The 360's eDRAM was theoretically fast enough to never be a bottleneck in the pipeline so even if it was 2 or 4 times faster it would not change it's performance as part of the system.

Probably for Wii U it's the same. The bottleneck on the GPU is likely in the shaders. Wii U also seems bottlenecked in it's CPU, and SIMD throughput.

The problem with 360's eDRAM was it was too small.
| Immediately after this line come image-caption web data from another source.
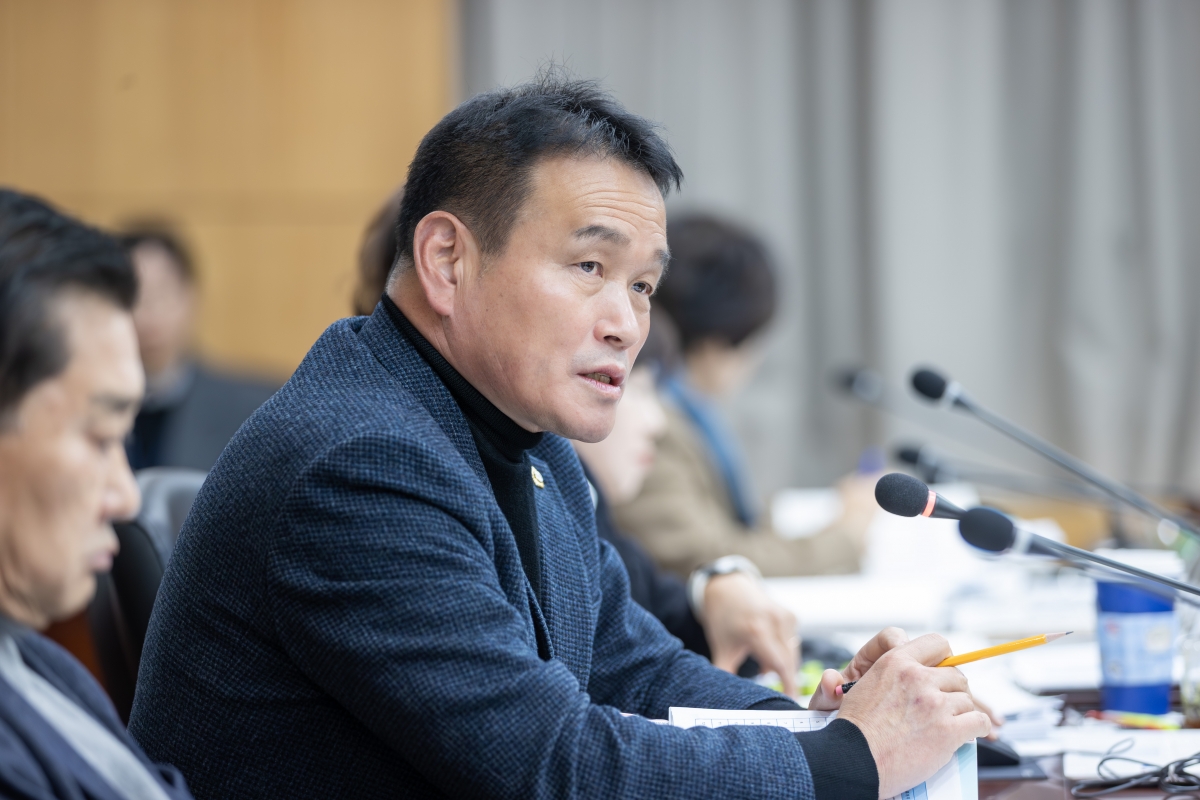 20251205-014[AMG_9886-제292회 제2차 정례회시 예산결산특별위원회 2026년도 예산안 및 기금운용계획안 심사 활동.jpg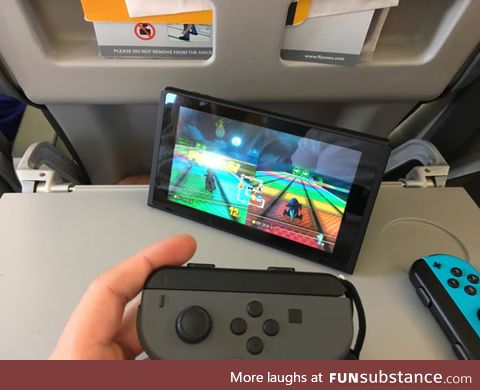 What pc Gamers do during long flights?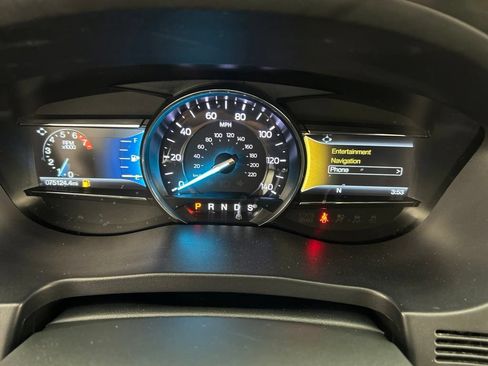 Used 2019 Ford Explorer Sport AWD/4WD image 15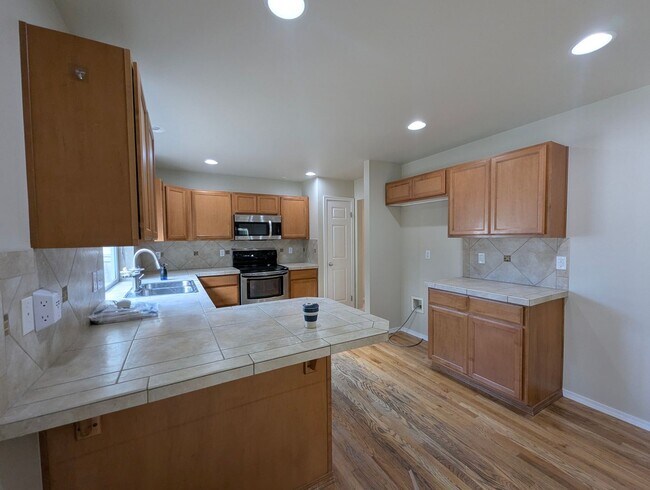 Foto del edificio - Three Bedroom, 2 Bath Home with New Carpet...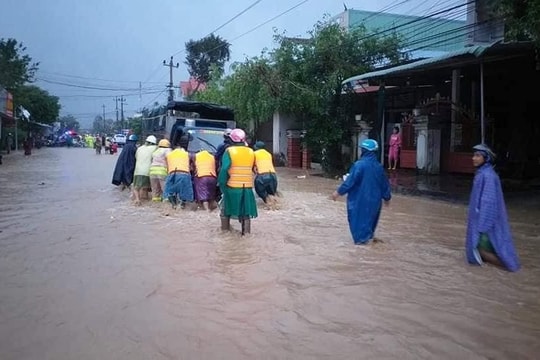 Bình Định: Người đàn ông tử vong khi chèn chống nhà cửa tránh bão số 12
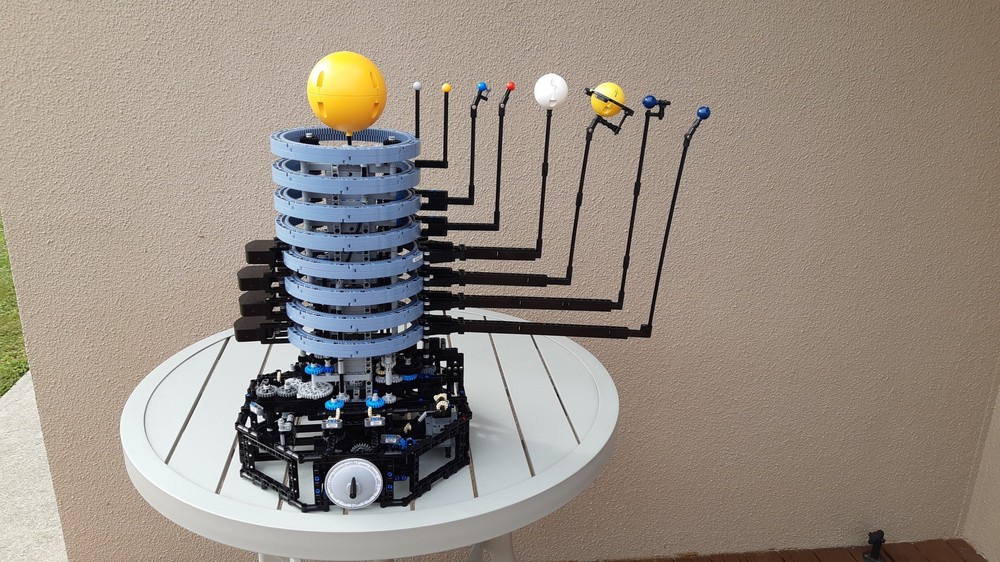 Lego Solar System / Orrery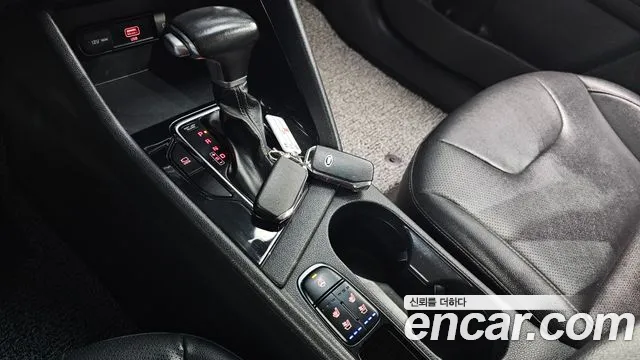 Kia Niro 2020 — фото 9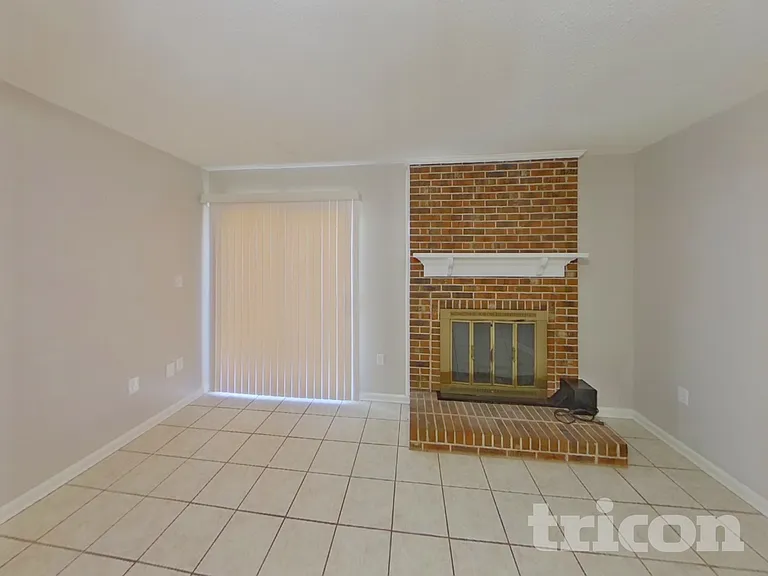 7400 Palmetto Ct — Photo 2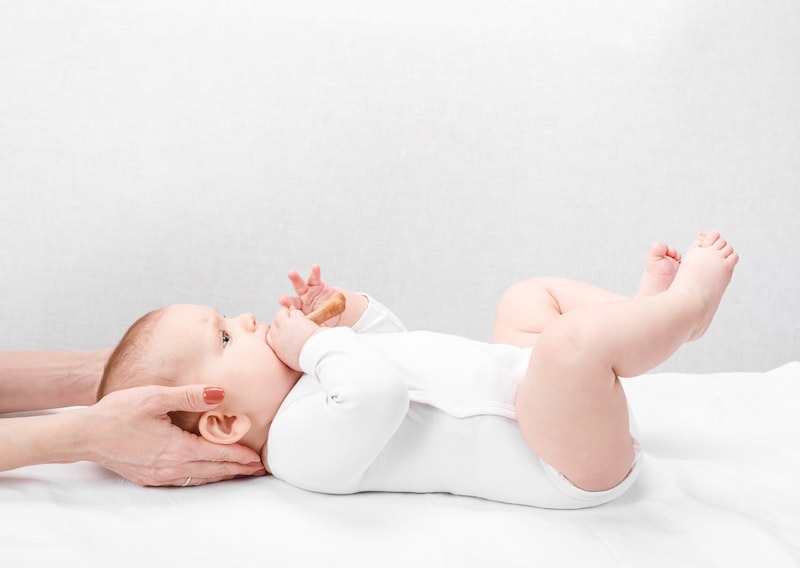 Baby til osteopat behandles for kolik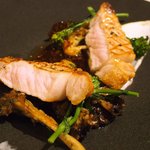 フレンチ サクラ - ディナーコース 7371円 のフランス産の仔牛のグリル、群馬の舞茸のソテー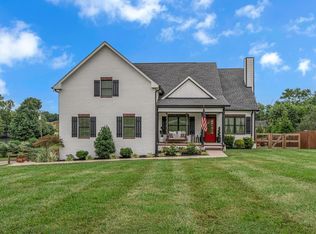 105 Lakeview Dr, Hendersonville, TN 37075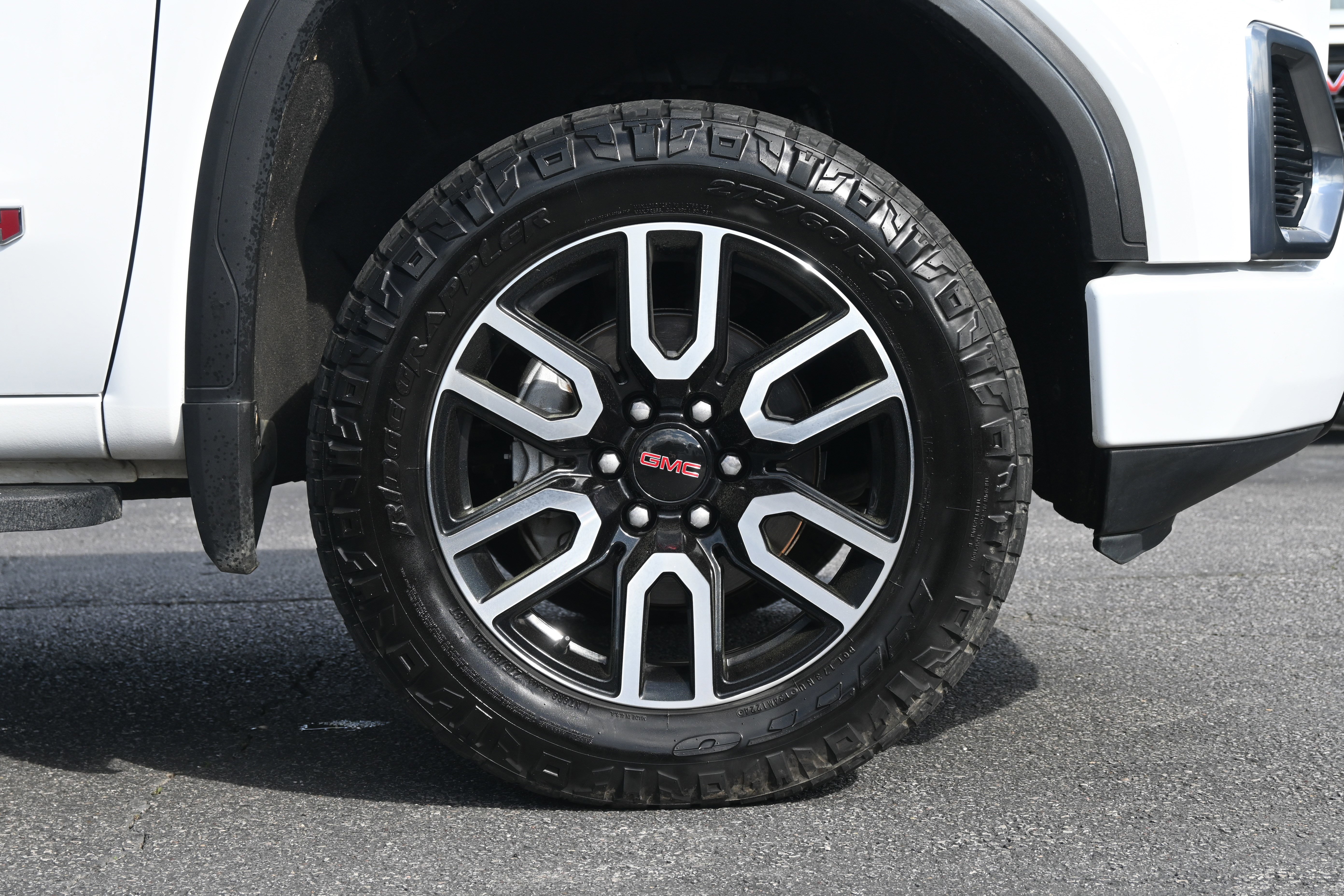 Used 2020 GMC Sierra 1500 AT4 w/ AT4 Premium Package image 22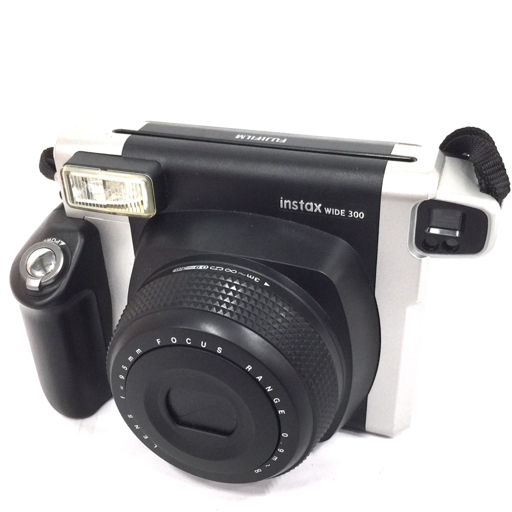 1円 FUJIFILM instax WIDE 300 LENS f=95mm インスタントカメラ フィルムカメラ C121053の画像1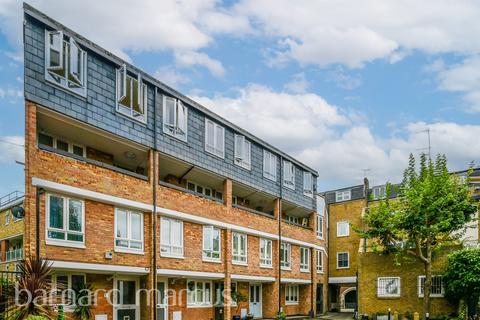 Althorpe Mews, London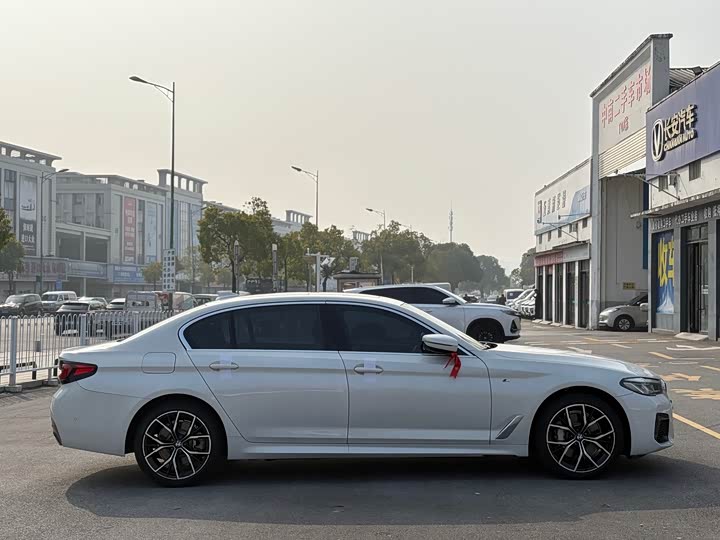 Фото 4 - BMW 5 Series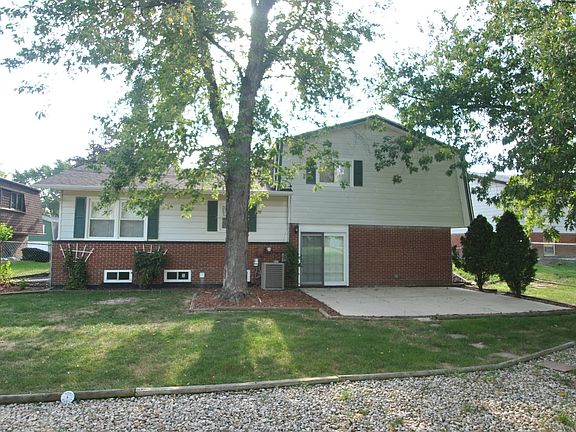 2nd image of 6148 Laura Ln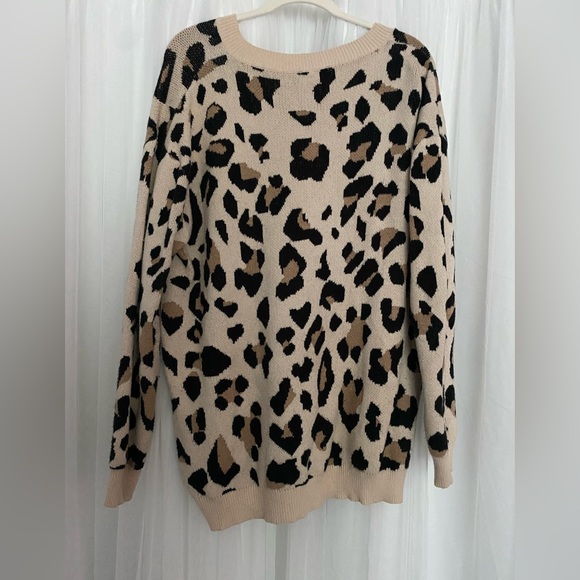 Cheetah Print Oversized V-Neck Sweater - Picture 3 of 4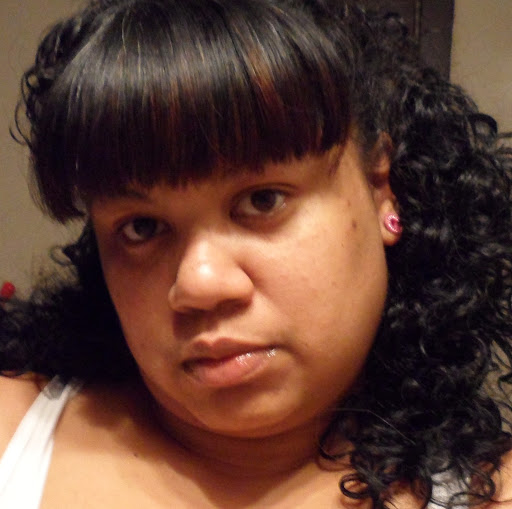 Candace Martin Photo 6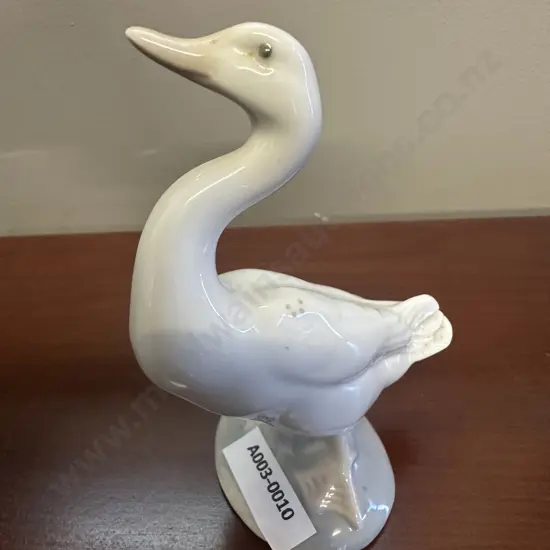Vintage Lladro Goose Figurine #A-17A. H12cm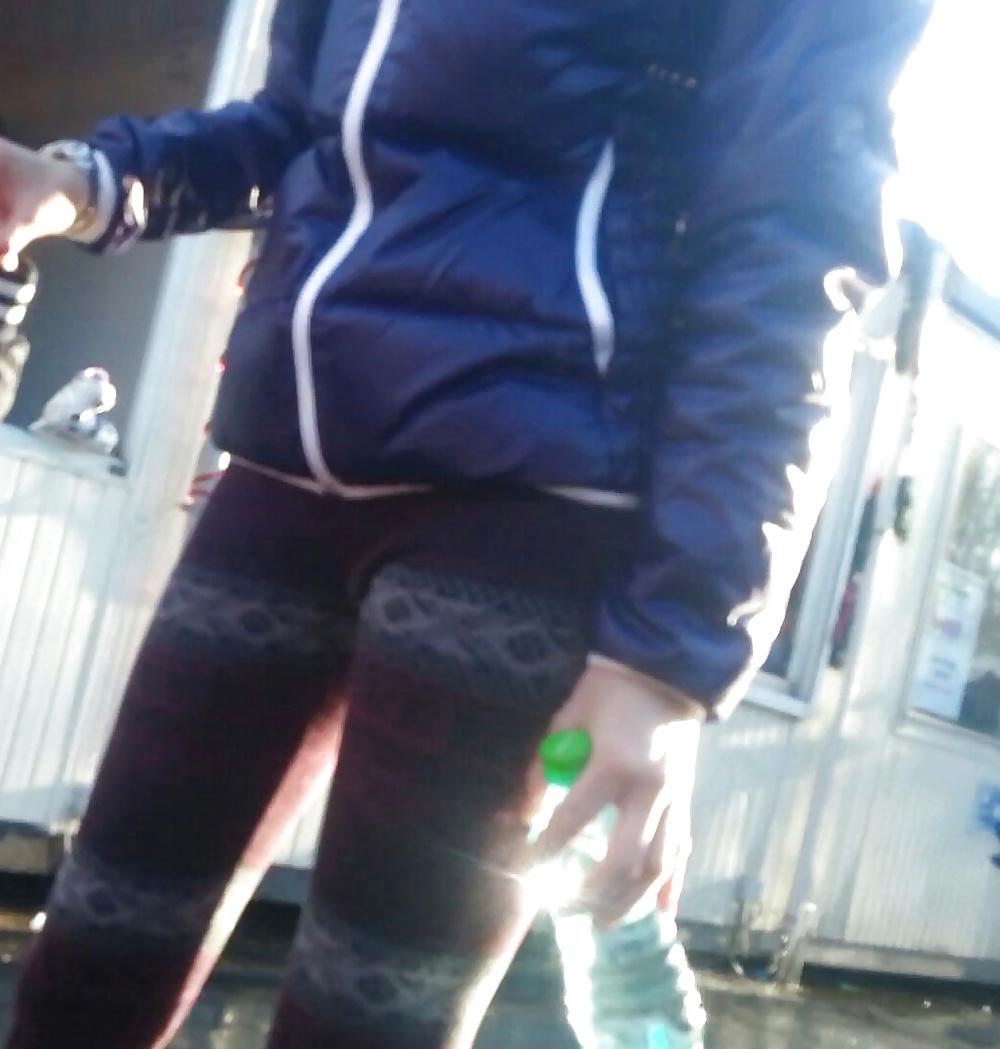 25P Spy sexy women cameltoe romanian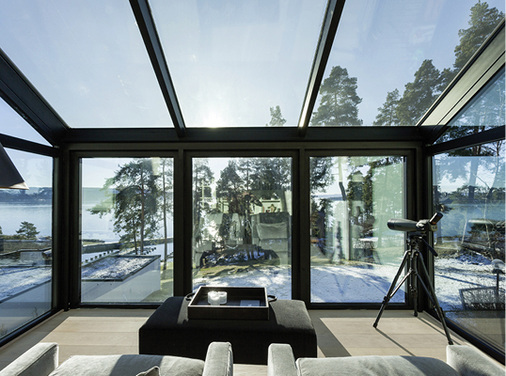 



Ansicht ungetöntes Glas: Bei dem Wintergarten wurde das schaltbare Sonnenschutzglas mit dem Wintergartensystem Schüco CMC 50 kombiniert. Dieses System ist eine passende Konstruktion zur Aufnahme der 3-fach-Isoliergläser mit variablem g-Wert.
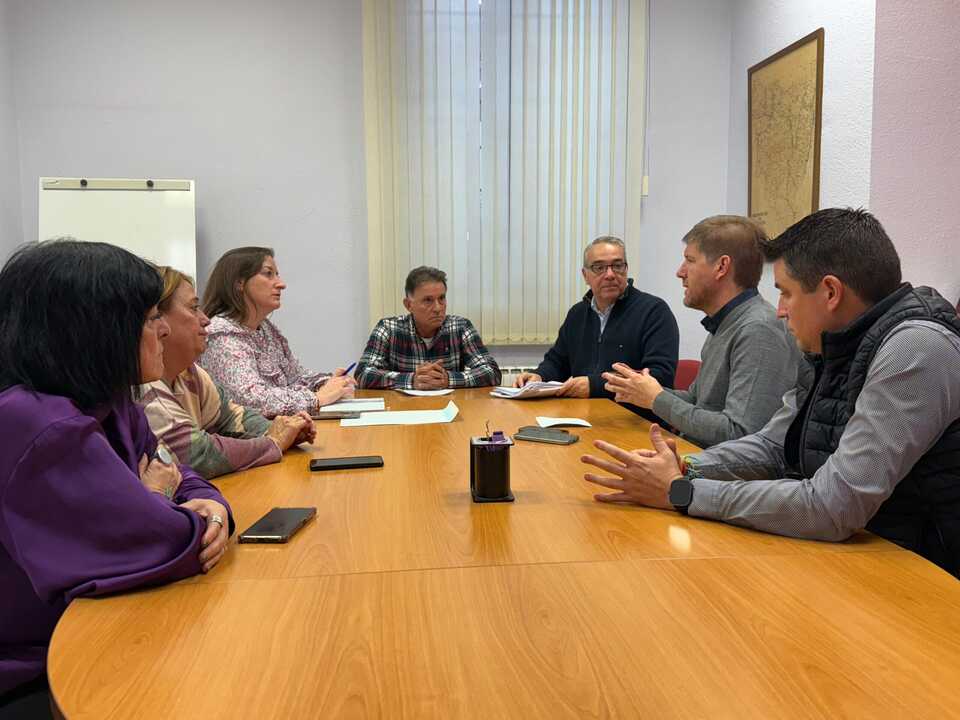 Reunión en la sede de CEOE-CEPYME Huesca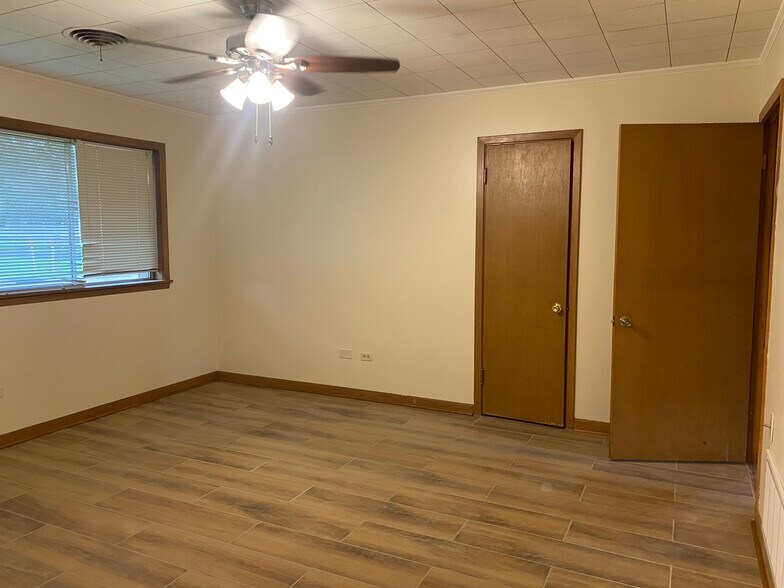 Bedroom - 407 N Morton St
Wii U has 3.2 times as much, so it's better equipped in that regard.

The CPU is Wii U's weak point, though I do think it's underestimated, as it's often judged by its performance on games built for PS3/360's CPUs.

This argument is bogus, as PS3, 360 and Wii U all have PPC CPUs.  The games built for PS3/360 are already optimized for PPC.  Any further optimization will help PS3/360 more than Wii U.

The Wii U has ~2.5X lower clock rate and it relies on out-of-order processing to make up the difference.  This means the Wii U's CPU average performance for unoptimized code is better, but it's peak is worse than PS3/XB1.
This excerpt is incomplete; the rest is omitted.